■ Exercise goal
Could you reproduce, word for word, everything below from the line containing "М'яч масажний огірок" down to the line containing "Spigen Ultra Hybrid", with both of those lines included and no others?

■ Exercise materials

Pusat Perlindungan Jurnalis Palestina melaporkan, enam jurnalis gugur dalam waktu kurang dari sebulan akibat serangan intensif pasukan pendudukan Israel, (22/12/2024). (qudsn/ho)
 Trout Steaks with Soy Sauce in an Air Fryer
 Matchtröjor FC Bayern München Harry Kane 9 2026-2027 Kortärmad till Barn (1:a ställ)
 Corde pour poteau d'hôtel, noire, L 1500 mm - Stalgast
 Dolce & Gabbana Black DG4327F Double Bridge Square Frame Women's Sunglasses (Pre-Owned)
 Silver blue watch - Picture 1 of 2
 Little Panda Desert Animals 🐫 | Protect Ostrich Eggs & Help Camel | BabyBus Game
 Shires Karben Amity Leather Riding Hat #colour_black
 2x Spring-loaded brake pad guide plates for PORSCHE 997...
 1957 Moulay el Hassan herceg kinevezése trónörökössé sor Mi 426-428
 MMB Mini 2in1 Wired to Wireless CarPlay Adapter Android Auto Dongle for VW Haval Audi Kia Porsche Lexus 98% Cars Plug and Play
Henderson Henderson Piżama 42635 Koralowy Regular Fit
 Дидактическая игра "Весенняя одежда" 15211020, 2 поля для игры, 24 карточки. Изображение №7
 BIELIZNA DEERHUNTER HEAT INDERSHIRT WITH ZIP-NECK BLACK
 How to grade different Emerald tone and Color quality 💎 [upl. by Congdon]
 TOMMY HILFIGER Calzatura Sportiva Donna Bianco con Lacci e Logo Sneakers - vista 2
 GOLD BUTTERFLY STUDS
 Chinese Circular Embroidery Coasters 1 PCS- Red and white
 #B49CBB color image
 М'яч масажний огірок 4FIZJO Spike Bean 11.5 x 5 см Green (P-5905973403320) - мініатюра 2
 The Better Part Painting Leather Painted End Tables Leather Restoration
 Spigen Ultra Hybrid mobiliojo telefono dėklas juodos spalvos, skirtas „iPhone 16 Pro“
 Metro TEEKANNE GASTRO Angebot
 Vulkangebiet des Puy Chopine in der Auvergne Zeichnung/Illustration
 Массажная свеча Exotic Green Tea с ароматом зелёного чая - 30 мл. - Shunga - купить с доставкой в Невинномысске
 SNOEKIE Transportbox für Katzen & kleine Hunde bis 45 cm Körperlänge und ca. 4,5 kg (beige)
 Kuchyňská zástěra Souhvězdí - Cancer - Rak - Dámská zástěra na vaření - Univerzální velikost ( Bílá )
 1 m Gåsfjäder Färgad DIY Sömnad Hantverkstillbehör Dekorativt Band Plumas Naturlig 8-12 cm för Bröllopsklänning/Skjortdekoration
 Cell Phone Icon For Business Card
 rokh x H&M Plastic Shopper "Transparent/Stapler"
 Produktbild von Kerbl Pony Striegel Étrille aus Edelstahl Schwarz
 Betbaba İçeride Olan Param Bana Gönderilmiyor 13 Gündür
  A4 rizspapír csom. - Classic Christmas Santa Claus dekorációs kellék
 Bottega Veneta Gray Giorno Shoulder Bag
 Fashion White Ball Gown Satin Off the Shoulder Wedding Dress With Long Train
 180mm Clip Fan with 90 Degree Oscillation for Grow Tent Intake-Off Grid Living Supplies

■ Solution to this exercise
 М'яч масажний огірок 4FIZJO Spike Bean 11.5 x 5 см Green (P-5905973403320) - мініатюра 2
 The Better Part Painting Leather Painted End Tables Leather Restoration
 Spigen Ultra Hybrid mobiliojo telefono dėklas juodos spalvos, skirtas „iPhone 16 Pro“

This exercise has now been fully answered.